In 2021, all of the crop had been planted by this time of year, with a prior five-year average of 99%. 

National emergence was 72%, up from 55% last week but 21% points behind the average. 

Initial spring wheat conditions came in at 54% good/ex with was well above last year’s initial mark of 37%, and only 9% poor/vp. 

As for winter wheat, the Crop Progress report showed conditions were mixed.

Top-end ratings improved a point, as expected, with 31% of the crop now rated in good-to-excellent condition. 

Another 27% is rated fair (down three points from last week), with the remaining 42% rated poor or very poor (up two points from last week).

Physiologically, 86% of the crop is now headed, up from 79% last week.

NASS marked the national harvest at 10% complete, which was up from the prior week’s progress of 5% but two points behind the prior five-year average of 12%.

TX was more than half cut and KS began harvesting with 2% finished. 

On the demand side, USDA’s weekly Export Inspections data showed 2 MMT of corn was shipped during the week of 6/9. 

That was above the 1.458 MMT last week and the 1.61 MMT from the same week last year. 

China was shipped 413k MT alone with each Mexico, Japan, and South Korea getting +150k MT. 

The weekly data had the MYTD total at 44.96 MMT, an 8.8 MMT (16%) lag from last year’s pace. 

For soybean data showed 605,129 MT of soybeans were exported during the week of 6/9. That was nearly double the 365k MT last week and compares to just 141k MT shipped during the same week last year. USDA’s FAS had the MYTD soybean export at 50.47 MMT through 6/9. That compares to 57.05 MMT during the same week last year – an 11.5% drop.

For wheat, weekly export inspections were 388,847 MT. 

That was up from last week’s 355k MT but under the 500k MT shipped during the same week last year. 

MYTD exports were set as 615,556 MT compared to last year’s. 

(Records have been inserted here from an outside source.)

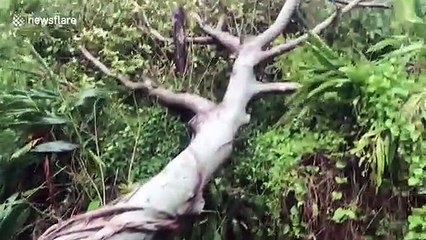 Typhoon Maysak uproots trees in Okinawa, Japan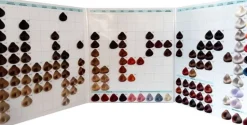 Dusy Color Creation Color Chart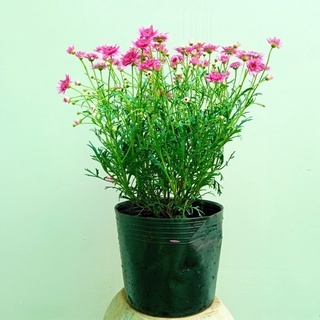 Cây Hoa Cúc Hoạ Mi Thân Gỗ, Cúc Trường Thọ, Cúc Vạn Niên Kèm Hướng Dẫn Cách Chăm Sóc - Jun Garden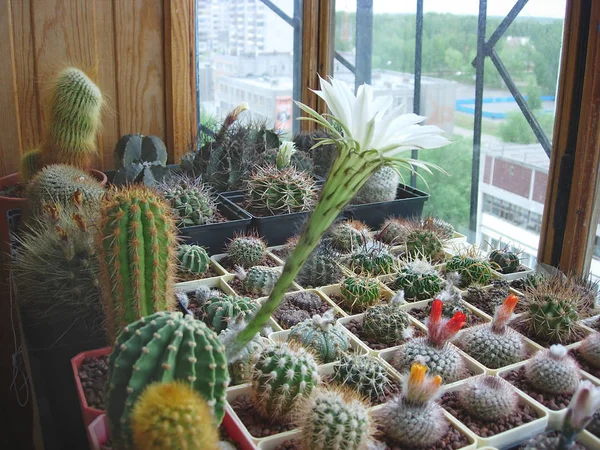 Grande collection de différentes espèces de cactus cultivées dans le b — Photo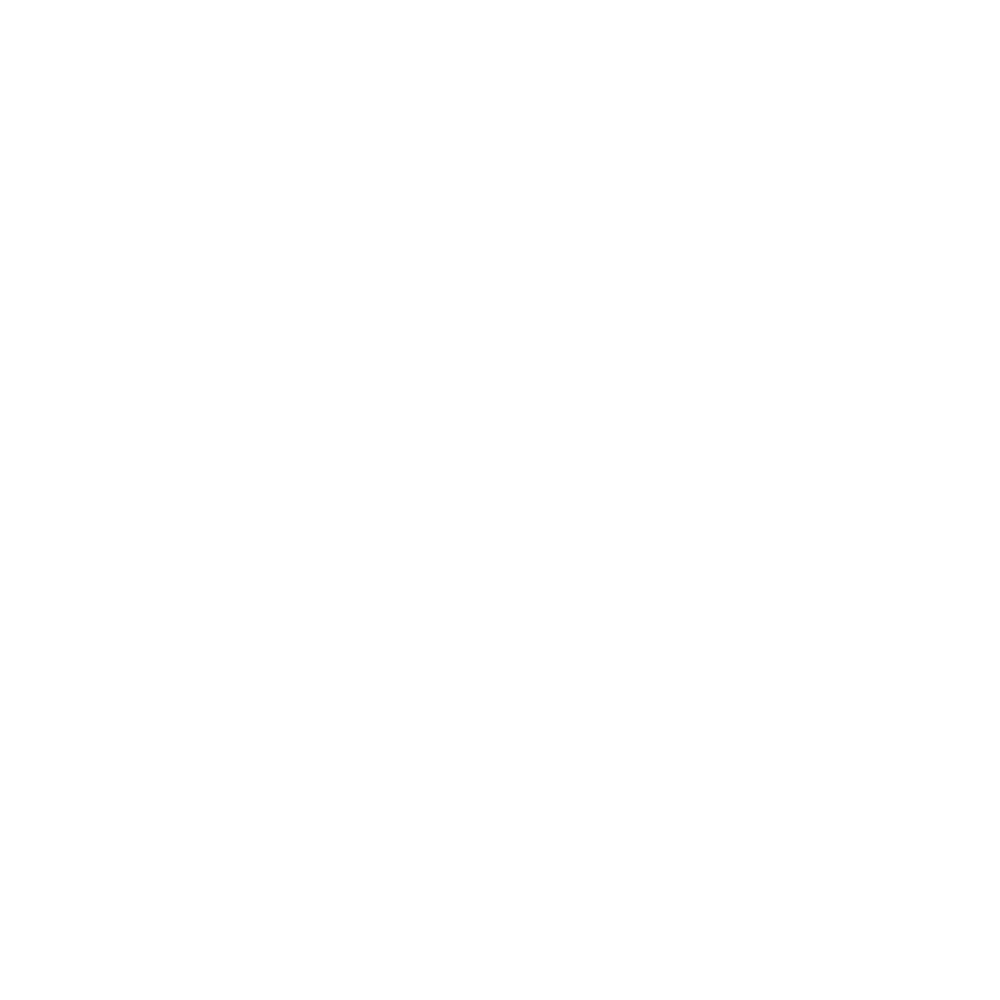 Bruno Ferrini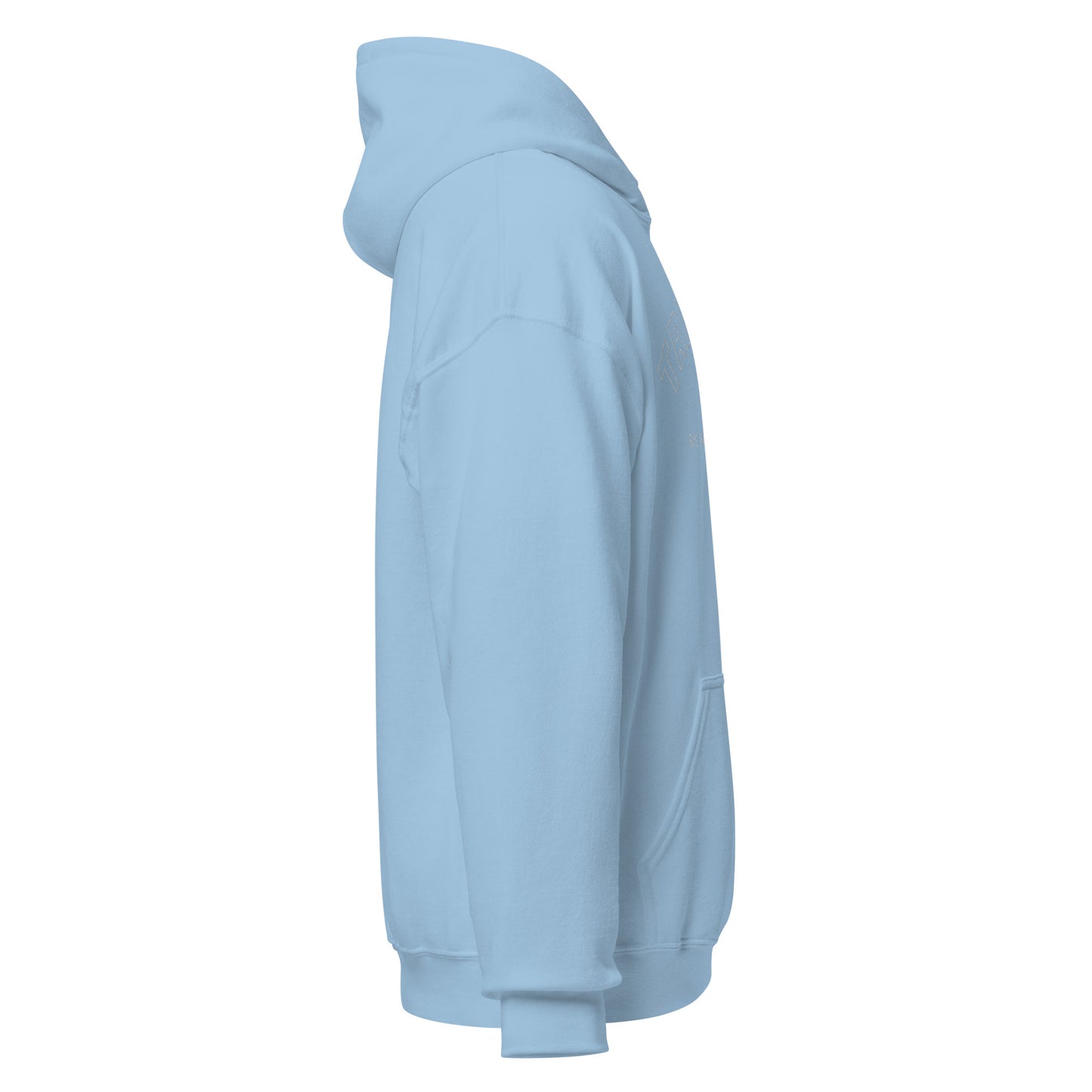 Big Rapids Unisex Hoodie (Embroidered)
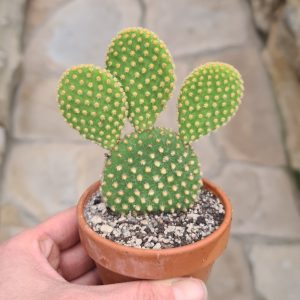 Opuntia microdasys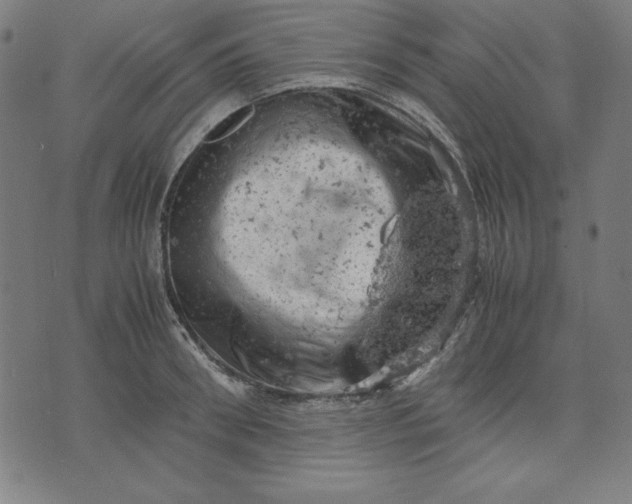 X0000072550898200607281646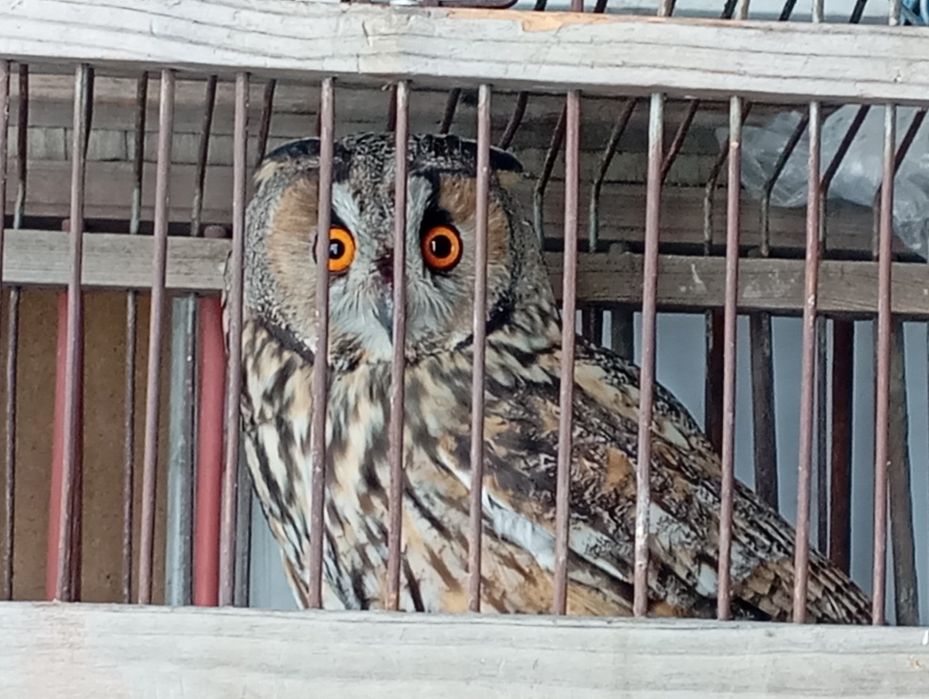 Ушастая сова продам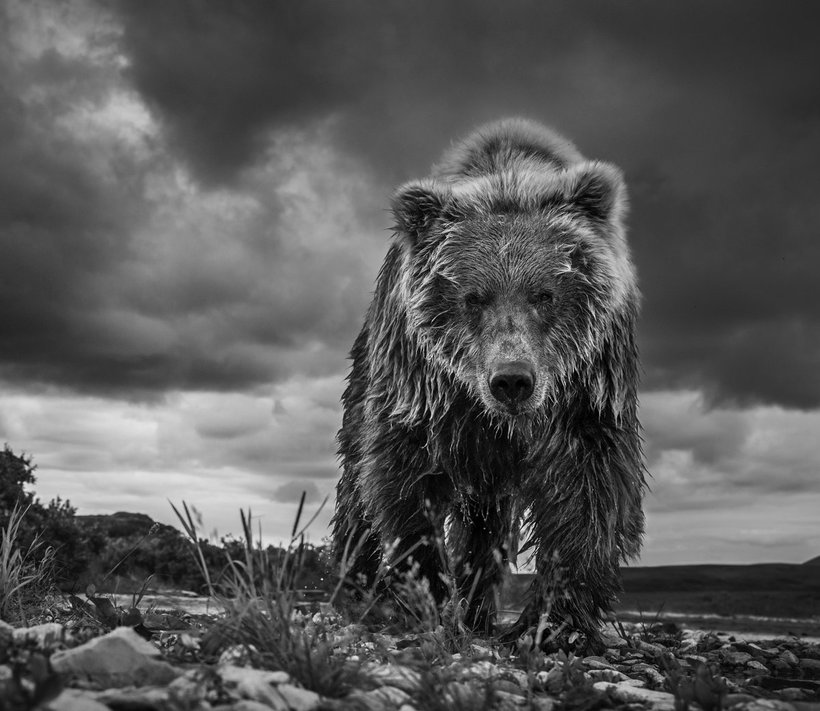 Блог - 15 ошеломительных фото дикой природы от любимого фотографа принца Уильяма 15 ошеломительных фото дикой природы от любимого фотографа принца Уильяма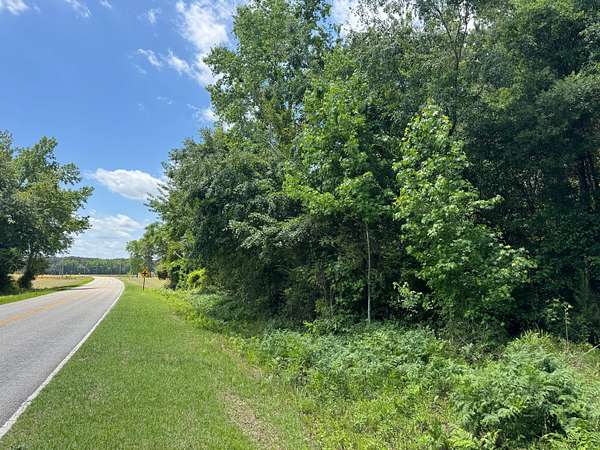 95.5 Acres of Land for Sale in Clio, South Carolina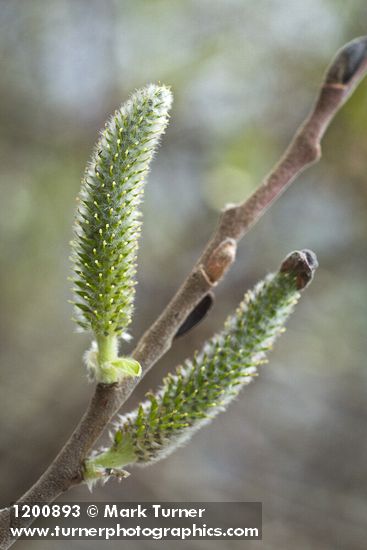 Salix hookeriana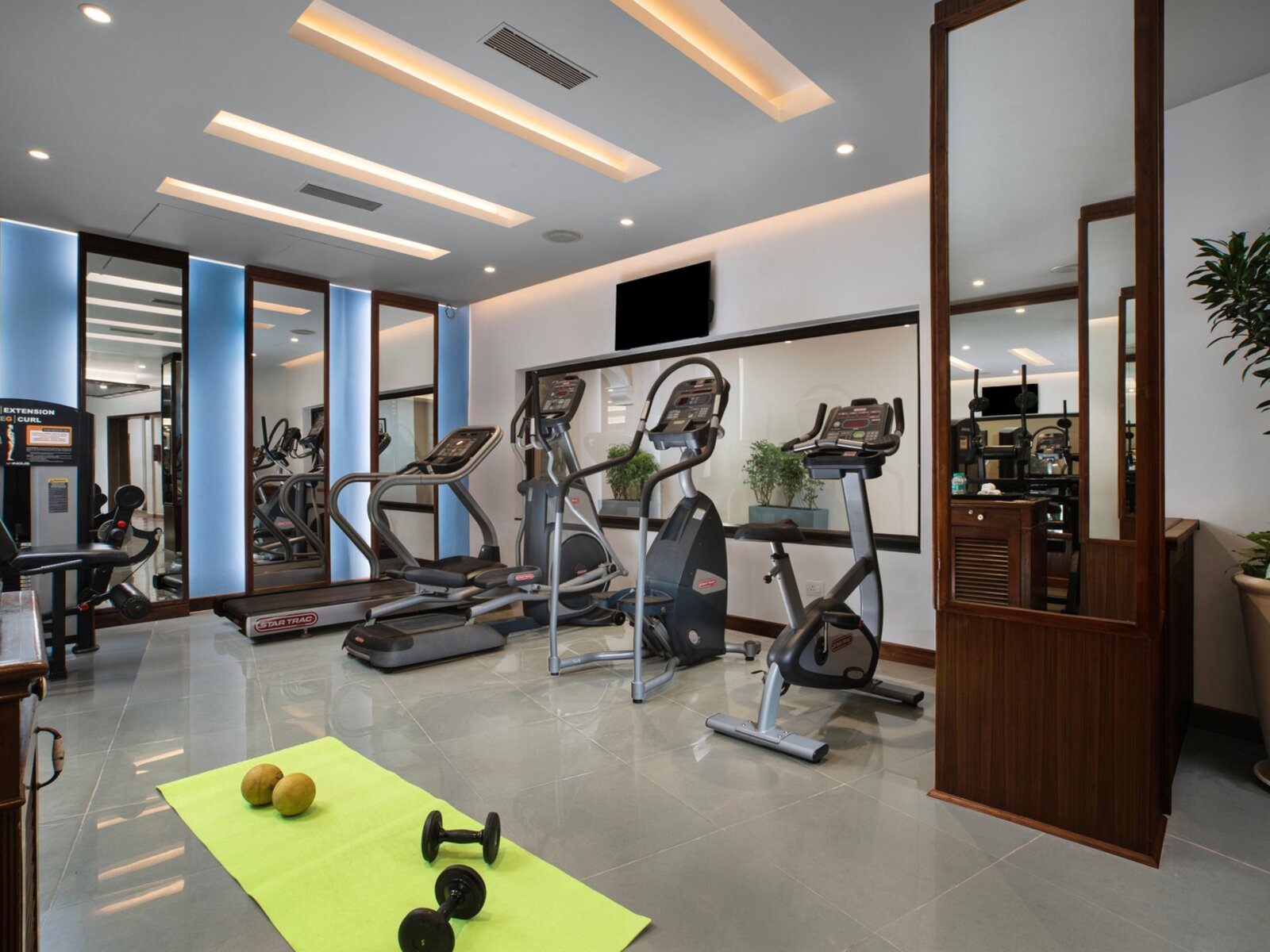 Sport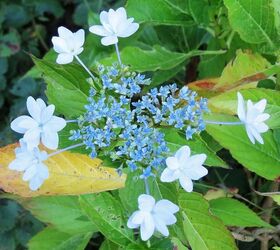 my garden in summer, flowers, gardening, hydrangea, Shooting Star Hydrangea was pretty but became a snack for the deer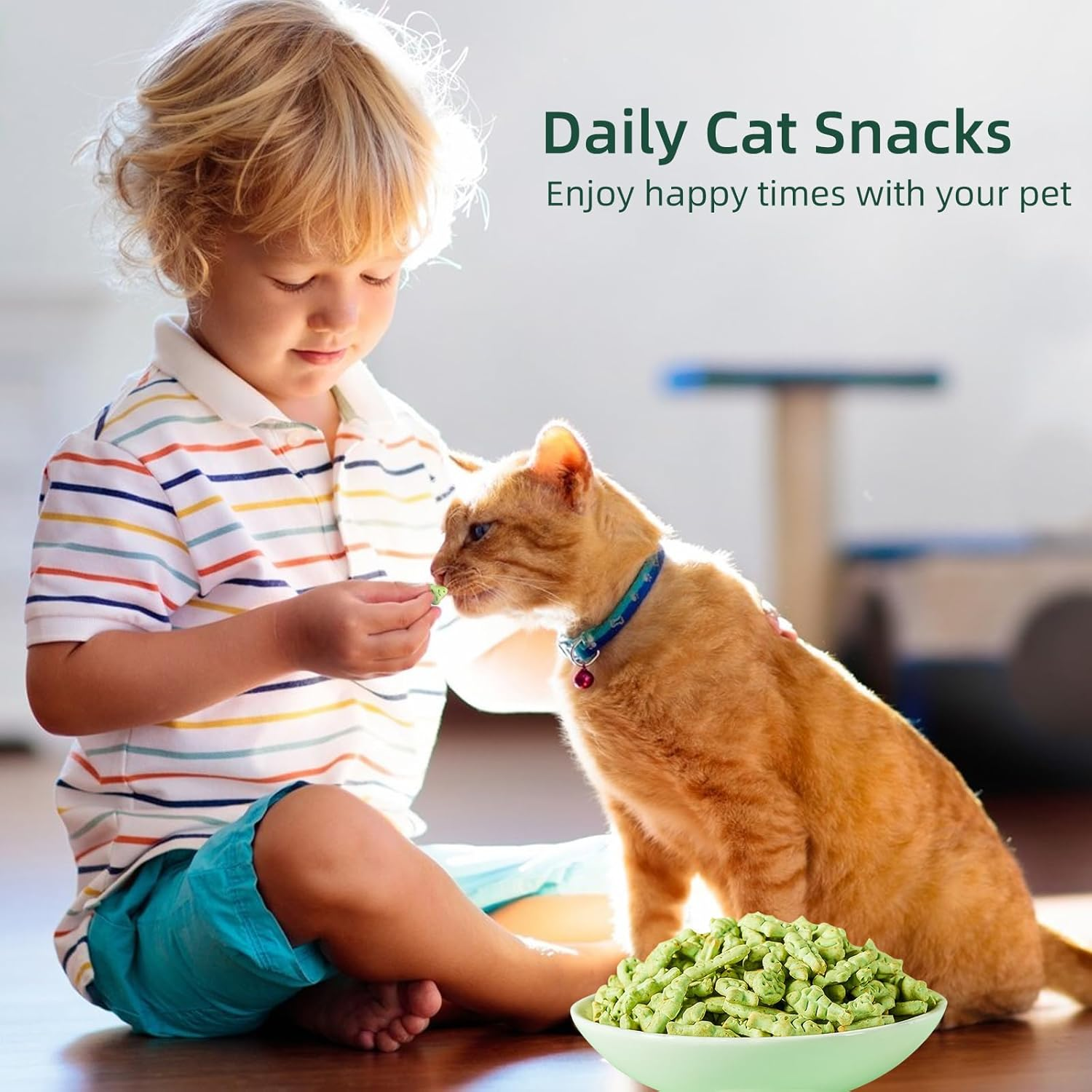 Cat Hairball Treats, Kitty Teeth Cleaning Catnip for Indoor, 16 Oz, Fish Shape Cat Nip Dry Food, Healthy Chicken and Salmon Flavor Grass Biscuits image number 1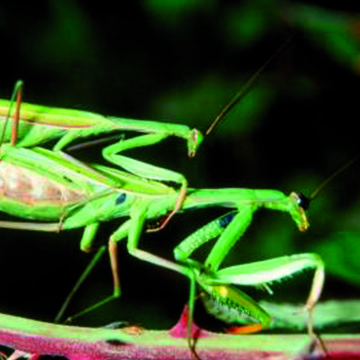 Un mundo de insectos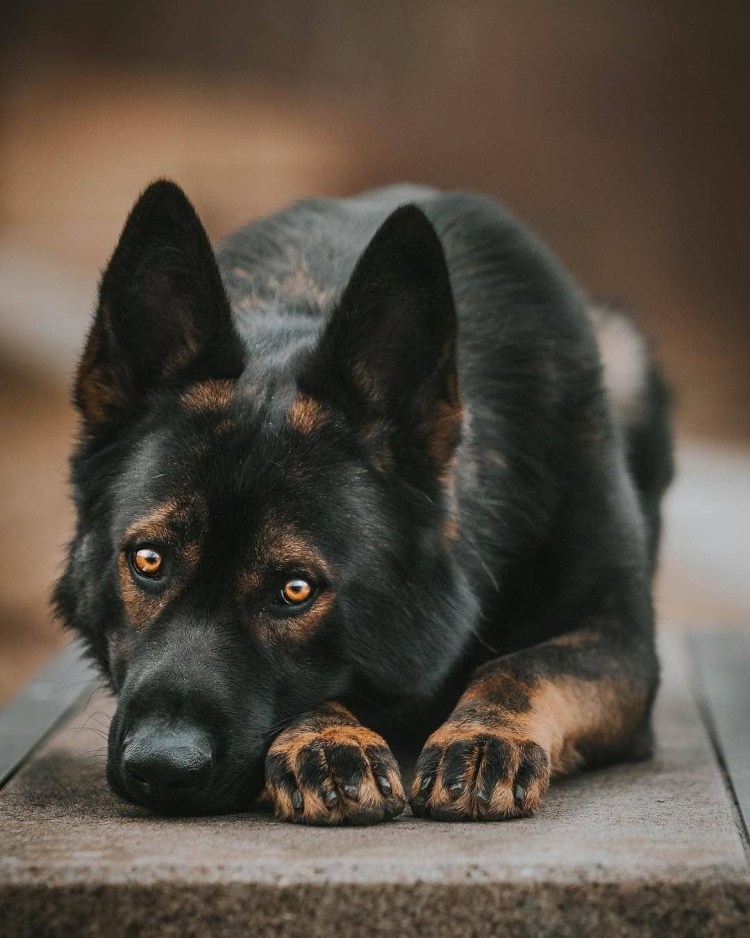 Овчарка гладкошерстная черная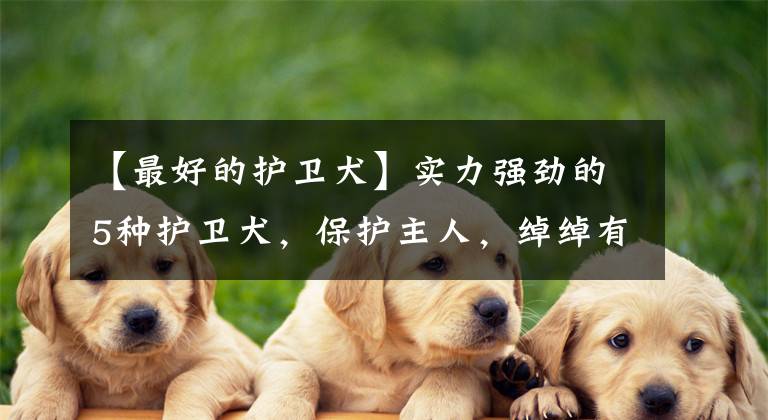 【最好的护卫犬】实力强劲的5种护卫犬，保护主人，绰绰有余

In this context, corn basis bids were steady to mixed to start the week, moving as much as 5 cents higher at a Nebraska elevator and as much as 5 cents lower at an Illinois processor on Monday.

Soybean basis bids were steady to mixed, after spilling 10 to 30 cents lower at two Midwestern processors while trending 2 cents higher at an Iowa river terminal.

The funds were net sellers yesterday for 1,000 lots of corn, 15,500 lots of soybeans and 1,000 lots of wheat.

In Canada, other than in some areas of Manitoba, spring wheat seeding is essentially finished in Western Canada.

Canadian durum seeding is essentially finished too.

Meantime, at 234k mt, Canadian wheat exports improved last week (wk. 44), advancing year-to-date wheat exports to 9.7 million mt, 43% smaller than last year-to-date.  

Per StatsCan, Canada exported 806k mt of wheat (excluding durum) in April 2021, compared to 1.8 million mt in April 2022. 

Durum exports for week 44 were at an improved 73k mt, for a year-to-date total of 2.2 million mt, compared to 5.4 million mt last year-to-date. 

This is now 59% behind last year’s pace.

Per StatsCan, Canada exported 244k mt of durum in April 2021, compared to 661k mt in April 2022. 

From South America, official export data from the Brazilian Trade Ministry showed corn shipments were 1.166 MMT in May. 

That was up sharply from the low 14k MT during May ’21. 

The Ag Rural reported Brazil’s 2nd crop harvest reached 7% completion. 

The harvest of the second 2021/22 corn crop in Mato Grosso reached 16.22%, according to the Mato Grosso Institute of Agricultural Economics (IMEA), with a number obtained until June 10. 

In the previous week, the rate was 5.98%. 

In the previous year, the percentage was 1.94%.

For soybean, Brail’s Trade Ministry reported the official May soybean export as 10.633 MMT. 

That was down 29% or by 4.3 MMT yr/yr marking the lowest May shipment in 5 years.

In Europe, a heat wave is still expected for the end of the week in Spain, Portugal and France mainly risking causing scalding on the eve of harvest.

In Italy, according to the Coldiretti group, wheat production could fall by 15% this year due to the water deficit and the high temperatures that have plagued the country.

Coldiretti estimated that this year’s wheat harvest would be around 6.5 billion kilogrammes at a national level on a total surface area of 1.71 million hectares cultivated for both durum and soft wheat.

In this context, markets were undecided yesterday with grain prices remained firm, while rapeseed, and more broadly all vegetable oils, fell back significantly.

From North Africa, elevated wheat prices to a record-high, coupled with pressures on the Egyptian pound, is expected to cost Egypt $3 billion in additional burdens, Minister of Finance Mohamed Maait said in an interview with CNBC on June 12th.

The anticipated additional cost will include $1.5 billion in burdens to the general budget, while $1.5 billion will be shouldered by the private sector, Maait said.

On June 2nd, Minister of Supply and Internal Trade Ali Moselhi revealed that the Egyptian government is in talks with India over a potential swap deal, upon which it could import wheat from the south Asian country in exchange for fertilizers exports.

From the Black Sea basin, according to the office of the Ukrainian Minister of Agriculture, in 2022, Ukraine will harvest about 48-50 mln tonnes of grain crops.

In particular, wheat production will reach 18-20 mln tonnes, barley – about 5 mln tonnes, corn – 24 mln tonnes.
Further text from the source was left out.